Once you reach the line containing "Close-up of moss-covered" in the data below, restate each line word for word up to and including the one containing "The Elder Scrolls III: Morrowind, Szkielety".
(Beginning of Data for review)
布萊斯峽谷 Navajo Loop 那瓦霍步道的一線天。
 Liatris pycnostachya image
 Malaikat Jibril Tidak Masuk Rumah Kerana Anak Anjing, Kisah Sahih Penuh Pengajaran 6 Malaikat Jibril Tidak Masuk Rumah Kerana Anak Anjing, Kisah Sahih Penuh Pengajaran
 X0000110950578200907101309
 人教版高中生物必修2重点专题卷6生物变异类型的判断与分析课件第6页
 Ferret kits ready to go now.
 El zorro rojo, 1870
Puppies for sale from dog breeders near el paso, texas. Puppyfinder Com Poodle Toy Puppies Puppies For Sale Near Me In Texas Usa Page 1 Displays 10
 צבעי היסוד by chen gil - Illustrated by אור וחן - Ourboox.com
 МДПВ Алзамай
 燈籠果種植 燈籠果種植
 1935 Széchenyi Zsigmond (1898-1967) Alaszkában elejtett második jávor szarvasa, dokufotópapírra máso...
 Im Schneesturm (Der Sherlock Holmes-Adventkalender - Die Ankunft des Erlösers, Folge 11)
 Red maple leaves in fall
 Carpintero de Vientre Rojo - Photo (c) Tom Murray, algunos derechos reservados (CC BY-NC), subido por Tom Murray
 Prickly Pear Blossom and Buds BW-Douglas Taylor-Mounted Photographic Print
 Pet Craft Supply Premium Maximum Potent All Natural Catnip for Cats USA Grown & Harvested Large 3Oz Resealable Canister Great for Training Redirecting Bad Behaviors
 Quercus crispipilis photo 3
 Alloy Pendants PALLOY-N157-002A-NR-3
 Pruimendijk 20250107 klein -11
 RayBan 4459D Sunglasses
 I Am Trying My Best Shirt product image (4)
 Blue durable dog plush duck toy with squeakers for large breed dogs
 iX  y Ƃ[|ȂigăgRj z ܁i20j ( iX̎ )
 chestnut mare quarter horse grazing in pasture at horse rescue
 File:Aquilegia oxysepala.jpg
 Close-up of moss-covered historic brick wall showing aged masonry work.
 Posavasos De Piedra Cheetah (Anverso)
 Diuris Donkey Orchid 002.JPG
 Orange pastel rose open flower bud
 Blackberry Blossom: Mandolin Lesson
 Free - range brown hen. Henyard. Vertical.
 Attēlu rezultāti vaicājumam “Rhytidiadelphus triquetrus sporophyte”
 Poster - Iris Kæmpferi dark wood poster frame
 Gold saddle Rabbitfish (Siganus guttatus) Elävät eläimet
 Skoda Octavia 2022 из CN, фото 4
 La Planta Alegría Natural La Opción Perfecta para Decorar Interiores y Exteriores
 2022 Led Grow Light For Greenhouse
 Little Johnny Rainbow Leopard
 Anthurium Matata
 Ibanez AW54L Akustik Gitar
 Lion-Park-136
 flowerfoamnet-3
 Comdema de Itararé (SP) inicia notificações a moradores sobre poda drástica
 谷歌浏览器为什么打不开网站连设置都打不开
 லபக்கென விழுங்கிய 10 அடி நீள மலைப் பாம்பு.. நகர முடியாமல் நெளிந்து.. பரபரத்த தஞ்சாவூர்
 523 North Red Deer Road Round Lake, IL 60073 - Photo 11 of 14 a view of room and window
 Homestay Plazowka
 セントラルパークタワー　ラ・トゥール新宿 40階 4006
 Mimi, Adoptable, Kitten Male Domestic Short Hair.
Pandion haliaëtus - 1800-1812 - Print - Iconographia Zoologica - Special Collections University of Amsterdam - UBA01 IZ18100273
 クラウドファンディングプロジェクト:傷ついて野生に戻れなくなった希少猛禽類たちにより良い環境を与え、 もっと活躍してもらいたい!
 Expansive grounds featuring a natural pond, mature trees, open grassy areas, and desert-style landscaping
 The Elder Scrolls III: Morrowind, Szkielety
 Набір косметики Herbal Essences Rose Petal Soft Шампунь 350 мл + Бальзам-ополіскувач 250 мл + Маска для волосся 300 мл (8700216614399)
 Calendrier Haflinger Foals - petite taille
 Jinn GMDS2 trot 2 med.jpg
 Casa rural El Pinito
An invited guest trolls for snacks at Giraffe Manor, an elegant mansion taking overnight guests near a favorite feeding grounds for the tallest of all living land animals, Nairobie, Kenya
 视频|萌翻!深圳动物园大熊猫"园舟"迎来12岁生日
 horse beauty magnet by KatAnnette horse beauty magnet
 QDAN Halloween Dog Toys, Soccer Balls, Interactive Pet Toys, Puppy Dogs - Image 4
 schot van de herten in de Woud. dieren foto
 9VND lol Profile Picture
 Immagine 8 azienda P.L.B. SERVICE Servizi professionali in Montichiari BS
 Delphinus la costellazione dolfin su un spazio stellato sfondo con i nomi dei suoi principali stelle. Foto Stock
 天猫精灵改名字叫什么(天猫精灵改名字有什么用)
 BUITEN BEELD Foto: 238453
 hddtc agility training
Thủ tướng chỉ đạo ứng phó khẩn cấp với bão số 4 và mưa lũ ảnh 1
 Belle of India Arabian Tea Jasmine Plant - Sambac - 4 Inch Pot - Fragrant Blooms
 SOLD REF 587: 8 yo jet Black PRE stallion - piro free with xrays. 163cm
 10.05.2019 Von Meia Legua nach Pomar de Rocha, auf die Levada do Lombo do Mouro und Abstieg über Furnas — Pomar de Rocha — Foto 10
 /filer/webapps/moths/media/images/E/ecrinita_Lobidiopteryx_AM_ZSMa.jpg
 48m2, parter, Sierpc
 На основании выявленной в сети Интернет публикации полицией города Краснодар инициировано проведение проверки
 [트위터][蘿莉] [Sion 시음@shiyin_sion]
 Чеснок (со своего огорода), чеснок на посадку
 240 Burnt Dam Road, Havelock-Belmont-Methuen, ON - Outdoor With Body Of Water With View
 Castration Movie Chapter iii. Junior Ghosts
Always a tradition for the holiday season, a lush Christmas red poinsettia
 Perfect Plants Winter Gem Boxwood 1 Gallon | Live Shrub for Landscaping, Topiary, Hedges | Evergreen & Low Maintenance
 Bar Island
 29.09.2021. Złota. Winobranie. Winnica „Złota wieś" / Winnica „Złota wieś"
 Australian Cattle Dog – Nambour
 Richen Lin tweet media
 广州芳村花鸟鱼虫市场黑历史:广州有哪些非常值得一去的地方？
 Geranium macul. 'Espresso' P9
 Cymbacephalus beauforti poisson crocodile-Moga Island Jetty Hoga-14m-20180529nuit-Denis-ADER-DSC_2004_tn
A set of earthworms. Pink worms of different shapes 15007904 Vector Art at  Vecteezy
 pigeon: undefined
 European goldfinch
(End of Data for review)
Your response =
 Close-up of moss-covered historic brick wall showing aged masonry work.
 Posavasos De Piedra Cheetah (Anverso)
 Diuris Donkey Orchid 002.JPG
 Orange pastel rose open flower bud
 Blackberry Blossom: Mandolin Lesson
 Free - range brown hen. Henyard. Vertical.
 Attēlu rezultāti vaicājumam “Rhytidiadelphus triquetrus sporophyte”
 Poster - Iris Kæmpferi dark wood poster frame
 Gold saddle Rabbitfish (Siganus guttatus) Elävät eläimet
 Skoda Octavia 2022 из CN, фото 4
 La Planta Alegría Natural La Opción Perfecta para Decorar Interiores y Exteriores
 2022 Led Grow Light For Greenhouse
 Little Johnny Rainbow Leopard
 Anthurium Matata
 Ibanez AW54L Akustik Gitar
 Lion-Park-136
 flowerfoamnet-3
 Comdema de Itararé (SP) inicia notificações a moradores sobre poda drástica
 谷歌浏览器为什么打不开网站连设置都打不开
 லபக்கென விழுங்கிய 10 அடி நீள மலைப் பாம்பு.. நகர முடியாமல் நெளிந்து.. பரபரத்த தஞ்சாவூர்
 523 North Red Deer Road Round Lake, IL 60073 - Photo 11 of 14 a view of room and window
 Homestay Plazowka
 セントラルパークタワー　ラ・トゥール新宿 40階 4006
 Mimi, Adoptable, Kitten Male Domestic Short Hair.
Pandion haliaëtus - 1800-1812 - Print - Iconographia Zoologica - Special Collections University of Amsterdam - UBA01 IZ18100273
 クラウドファンディングプロジェクト:傷ついて野生に戻れなくなった希少猛禽類たちにより良い環境を与え、 もっと活躍してもらいたい!
 Expansive grounds featuring a natural pond, mature trees, open grassy areas, and desert-style landscaping
 The Elder Scrolls III: Morrowind, Szkielety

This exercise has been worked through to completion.